For three years Judas had traveled with Jesus and the other Apostles.  “I have called you friends” Jesus said at the Last Supper.  But, now for a few thousand dollars Judas loses his friends, and betrays to death the greatest Friend of all.

And, it wasn’t just Jesus’ earthly life that Judas sold for 30 pieces of silver, but his own earthly life too.  For, the next chapter of Matthew’s Gospel reports, “When Judas, who had betrayed him, saw that Jesus was condemned, he was seized with remorse and returned the thirty silver coins to the chief priests and the elders. ‘I have sinned,’ he said, ‘for I have betrayed innocent blood.’ ‘What is that to us?’ they replied. ‘That’s your responsibility.’ So Judas threw the money into the temple and left. Then he went away and hanged himself.” 

Worst of all, for the sake of those 30 silver coins—that he threw back anyway—Judas lost his very soul to an eternity in hell.  As Peter says in Acts, “Judas left to go where he belongs.”

“What Will You Give Me If I Betray Him?”  In exchange for a few measly coins Judas lost everything of importance and value, his very earthly life, and his soul to an eternity in hell.  What a price Judas paid for those 30 coins!  And, then he didn’t even get any satisfaction or gratification from them, but ended up throwing them back.

Like Judas, we often lose so much in exchange for Satan’s false promise of greater gratification.  For the sake of illicit sexual activity, husbands and wives lose their families, marriages, homes, children.  Like that city treasurer in Illinois, for the sake of illicit money or other tempting property, people lose their careers, jobs, reputations.  For the sake of a few feel-good moments people lose control of their lives to drugs and alcohol.  What a price we pay when we follow Satan’s way!

You see, when Satan says to Jesus in today’s Gospel Reading, “I will give you all [the] authority and splendor . . . of the kingdoms of the world . . . if you worship me . . .  for it has been given to me, and I can give it to anyone I want to,” that is a lie.  Satan doesn’t have such power.  His promises are hollow, he can never deliver on what he’s enticing you with.
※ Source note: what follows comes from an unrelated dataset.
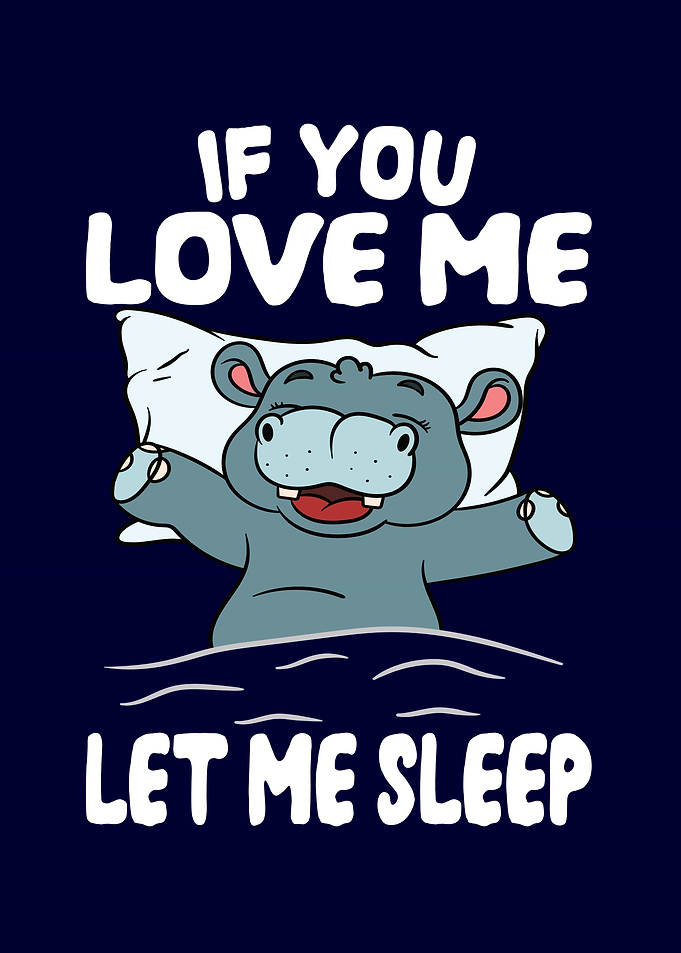 Love Me Let Me Sleep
Like Judas and the 30 pieces of silver, it’s always a lie whenever Satan tempts you, “Just do this, and see what you’ll get.”

“What Will You Give Me If I Betray Him?”  Like Satan’s temptation of Jesus himself, the Devil holds out for you such wonderful promised rewards and pleasures, if only you will do his wicked will.  But, when you do yield to Satan’s temptations, you always end up like Judas, losing everything, and gaining nothing.  “What Will You Give Me If I Betray Him?”  Whatever it is that Satan is dangling before you, it’s never worth it to betray your Lord and his holy will.
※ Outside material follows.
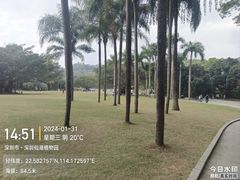-深圳仙湖植物园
Jesus says, “I tell you the truth, everyone who sins is a slave to sin. . .  but if the Son sets you free, you will be free indeed.”  In today’s Old Testament Reading, Moses tells God’s people of old to celebrate the Lord setting them free from slavery by his mighty power.  That’s what we are doing here today, celebrating the Lord by his mighty power setting you free from slavery to sin. 
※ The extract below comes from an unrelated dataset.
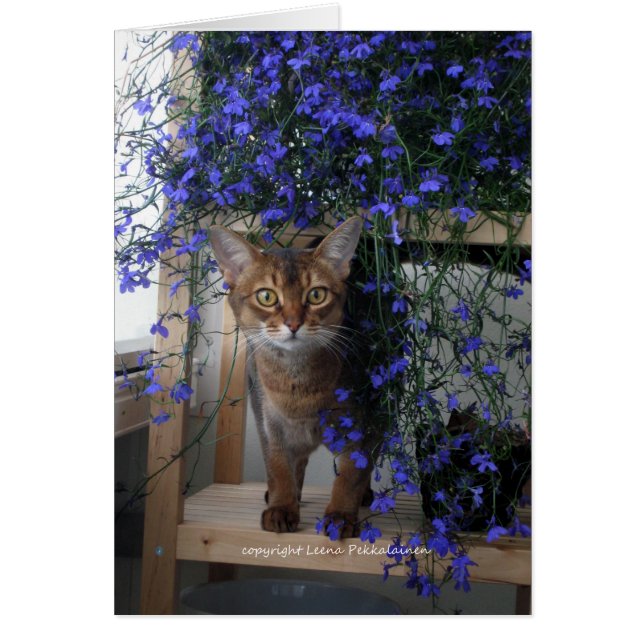 Blume Cat (Vorne)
Under the old covenant the price for a dead slave was 30 pieces of silver.  But, the price Jesus paid for your life, to buy your freedom from death and slavery to sin, was his own life and death upon the cross: “This is my body which is given for you . . . this cup is the new covenant in my blood, which is shed for you. . . for the forgiveness of sins.”

“For the Son of Man came not to be served,” Jesus says, “but to serve, and to give his life a ransom for many.”  Your sins are all forgiven because Jesus gave his life as a ransom for you.  Paul says in Galatians, “Stand fast, then, and do not submit again to the yoke of slavery.”

“What Will You Give Me If I Betray Him?”  When Satan dangles temptations before you, like he did both Judas and Jesus, no matter what Satan seems to be offering you to betray your Lord, don’t give in like Judas, to your damnation, but like Jesus stand fast and fight back with the word of God and prayer.